Pubblicato anche su Diritto24 de Il Sole 24 Ore

Lo scorso 4 marzo è stata pubblicata una sentenza del Tribunale di Milano (Sezione specializzata in materia di Impresa “A”, Presidente Relatore dr.ssa Tavassi, Giudice dr.ssa Gandolfi, Giudice dr. Marangoni) che, in un caso di contraffazione di brevetto europeo, si è trovato a valutare il peso della difformità esistente tra il testo del brevetto europeo ivi azionato e la relativa traduzione italiana.

Nel caso in esame, la convenuta per contraffazione aveva eccepito che la traduzione del brevetto europeo inizialmente depositata in Italia dall’attrice non corrispondesse al testo del brevetto europeo concesso, bensì a una sua precedente versione redatta nell’iter del procedimento di concessione dello stesso ma poi superata. Ciò veniva in effetti condiviso dalla sentenza in esame, nella quale i Giudici rilevavano altresì che corrispondeva invece al testo del brevetto europeo concesso la rettifica della traduzione successivamente depositata dall’attrice, a distanza di un anno dalla concessione del brevetto europeo.

A fronte di tali dati di fatto, nella pronuncia in commento il Tribunale esamina le basi normative della questione, rappresentate dagli artt. 56 e 57 del Codice della Proprietà Intellettuale (D. Lgs. 30/2005, “CPI”). L’art. 56 prescrive che la traduzione del brevetto europeo debba essere depositata presso l’Ufficio Italiano Brevetti e Marchi entro tre mesi dalla pubblicazione della concessione del brevetto stesso, a pena di inefficacia ex tunc del brevetto in Italia. L’art. 57, per parte sua, chiarisce che il titolare del brevetto ha comunque il diritto di depositare in qualsiasi momento una rettifica della traduzione depositata.

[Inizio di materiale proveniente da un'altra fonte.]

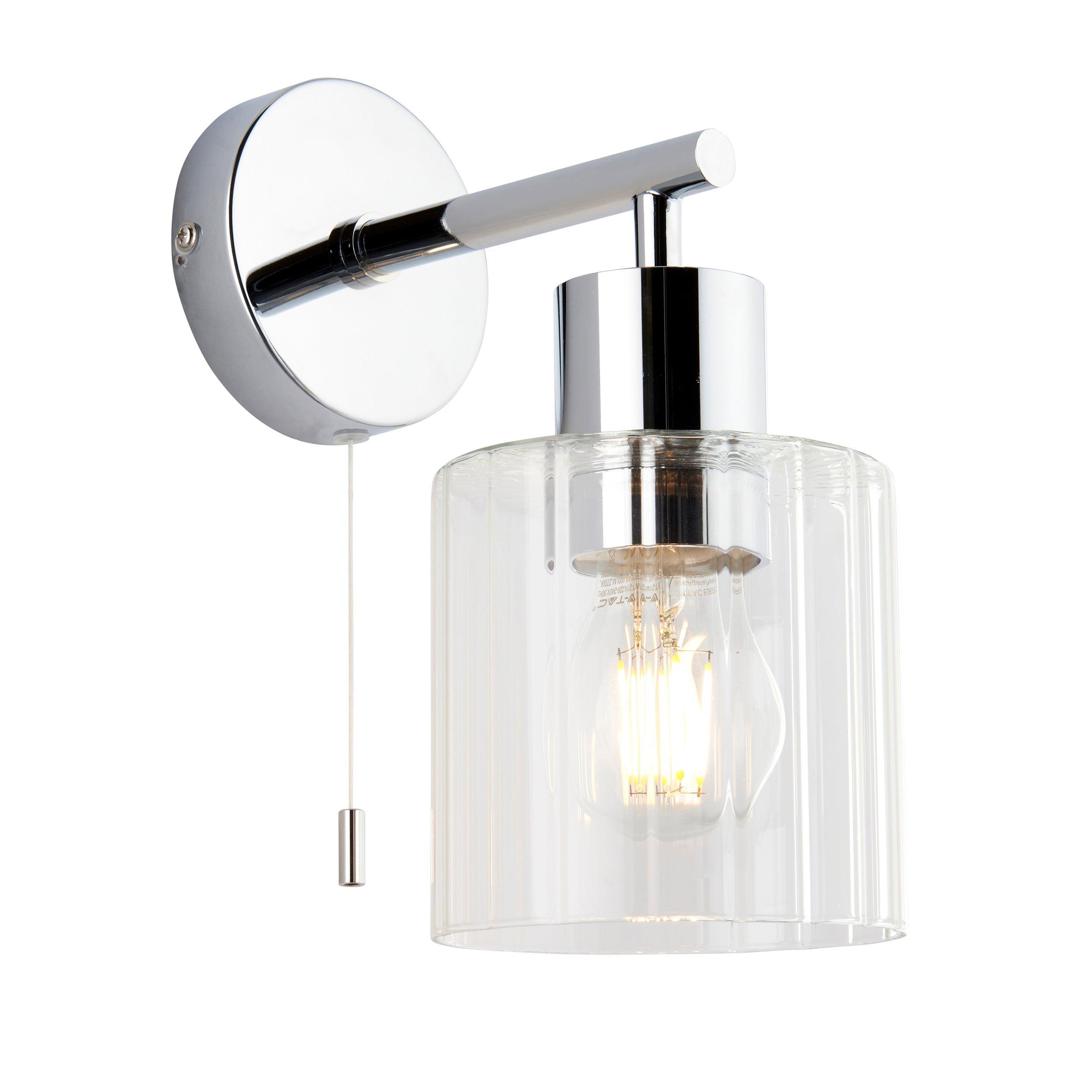 Torbay Chrome & Glass Shade Bathroom Wall Light - Pull Cord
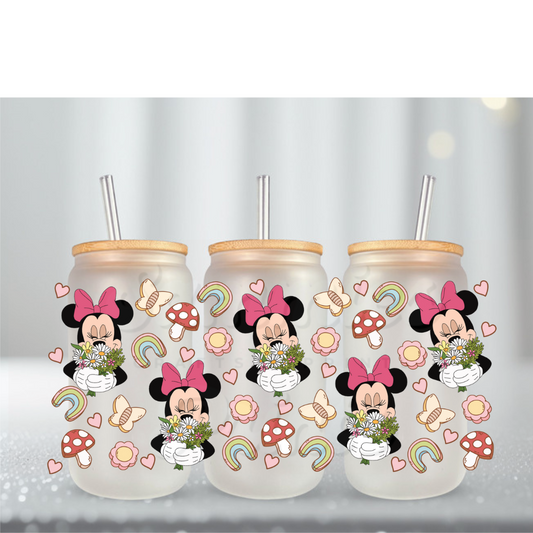 Mouse Girl Smelling Flowers UV DTF Cup Wrap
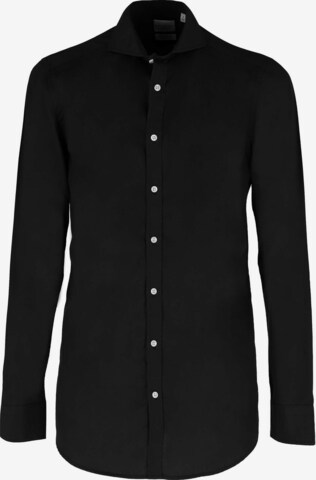 Black Label Shirt Slim Fit Businesshemd 'POPLIN' in Schwarz: predná strana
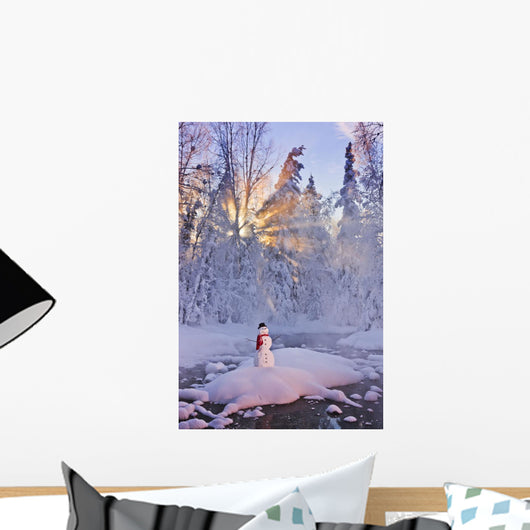 Snowman Standing On A Small Island Wall Mural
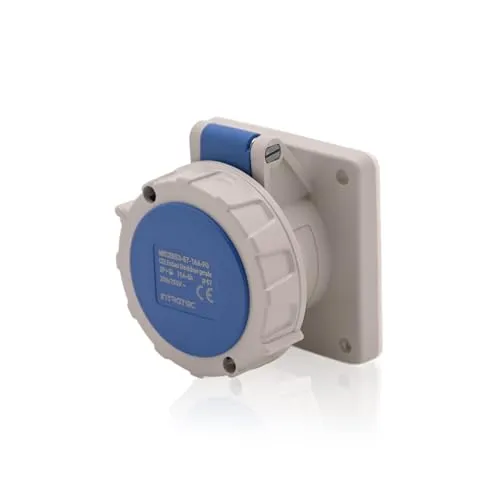 Intratec CEE Starkstrom Einbausteckdose gerade, 16 A, 3-polig – Industriestecker für Innen- und Außenbereich, Einspeisesteckdose IP67, 230 V, SB, RoHS, Reach, Blau/Grau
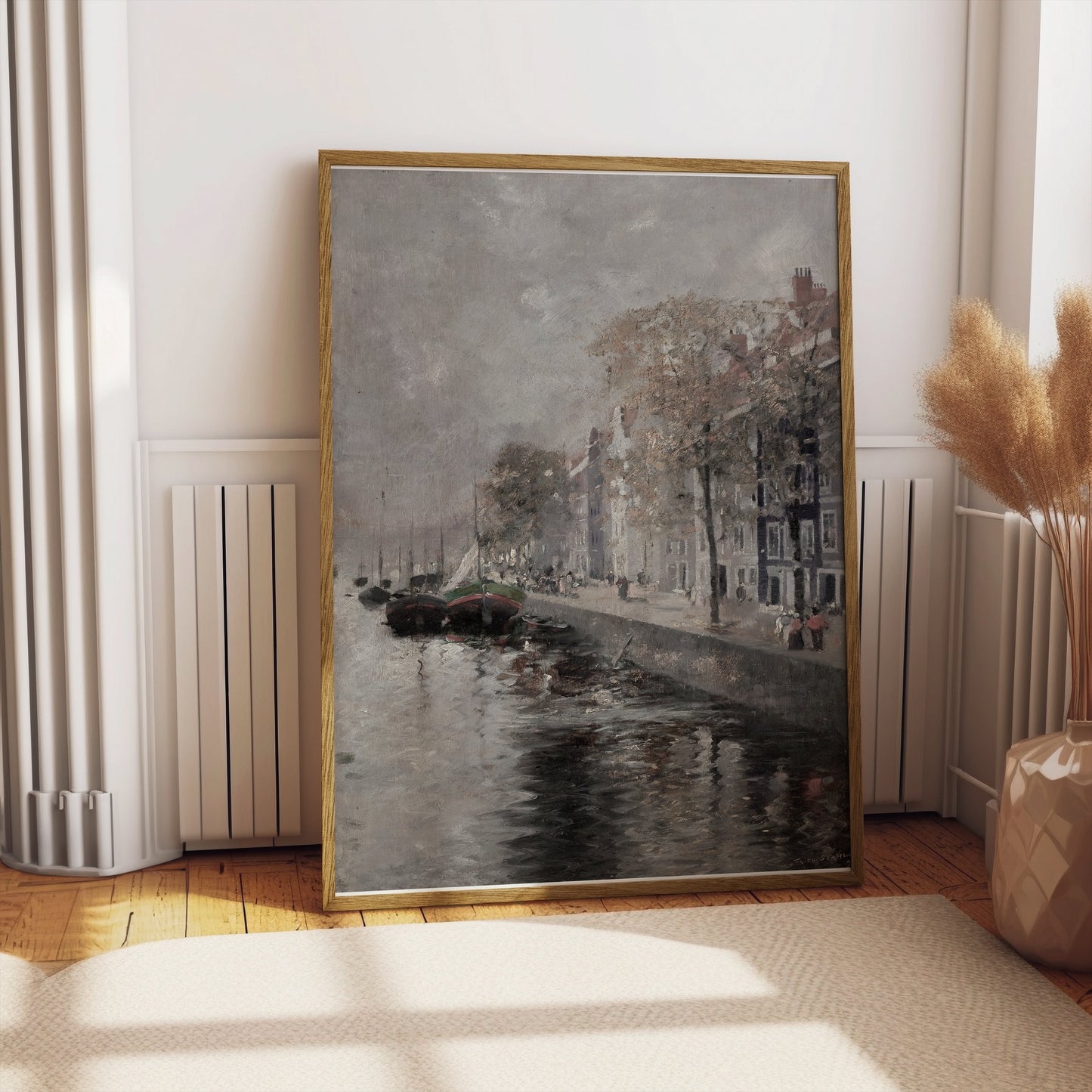 Premium Poster of Serene River View with Boats and Buildings Posters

La rettifica consentita dall’art. 57 CPI, rileva però il Tribunale, è limitata alle ipotesi di “difformità della traduzione derivante da mero refuso di traduzione o di differente sfumatura linguistica. Non potrebbero ricomprendersi invece traduzioni completamente o ampiamente difformi rispetto al testo del brevetto concesso in sede europea.  Diversamente,  verrebbero  invocate  sul  mercato  interno  tutele  per  titoli  non  validamente esistenti,  mentre  la  possibile  rettifica  di  qualsiasi  testo  depositato  ed  asseritamente ricondotto  ad  un  determinato  brevetto  europeo  consentirebbe  un  abuso  da  parte  di  chi volesse  tentare  di  estendere  i  confini  della  propria  tutela  tramite  il  deposito  di  una traduzione  in  lingua  italiana  sensibilmente  difforme  a  quanto  effettivamente  oggetto  di brevetto”.

Nel caso in esame, continua la sentenza in commento, le difformità esistenti tra la traduzione italiana iniziale e il testo del brevetto concesso erano significative, posto che “il testo tradotto e depositato nel 2011 dall’attrice si discosta dal  testo  di  cui  al  brevetto  concesso  proprio  in  relazione  a  quegli  elementi  di  novità  e innovazione che, in sede di valutazione europea, hanno discriminato prima il rigetto e poi l’approvazione  della  domanda  di  brevetto.  Da  ciò  deriva  che  la  traduzione  italiana depositata,  essendo  mancante  proprio  di  quegli  elementi  di  innovazione  effettivamente tutelati dal brevetto, non permette una riconducibilità della stessa al brevetto concesso in sede europea”. Di conseguenza, tale traduzione non sarebbe stata idonea ad adempiere all’obbligo di deposito della traduzione del brevetto previsto dall’art. 56 CPI.

D’altro canto, afferma il Collegio, non può essere attribuita rilevanza al deposito della successiva rettifica della traduzione: infatti quest’ultima, che corrispondeva, essa sì, al testo del brevetto europeo concesso, non poteva considerarsi una mera rettifica ma costituiva la vera e propria traduzione del brevetto, che tuttavia in quanto tale avrebbe dovuto essere depositata nel termine di tre mesi dalla concessione; e che invece, essendo stata depositata un anno dopo, non era idonea a rendere efficace il brevetto in Italia.

In conclusione, afferma il Tribunale, “non può dirsi sussistente alcuna efficace tutela del brevetto opponibile a terzi in  Italia,  non  essendo  tempestivamente  intervenuta  una  traduzione  italiana  del  brevetto idonea a proteggere in via esclusiva l’invenzione”.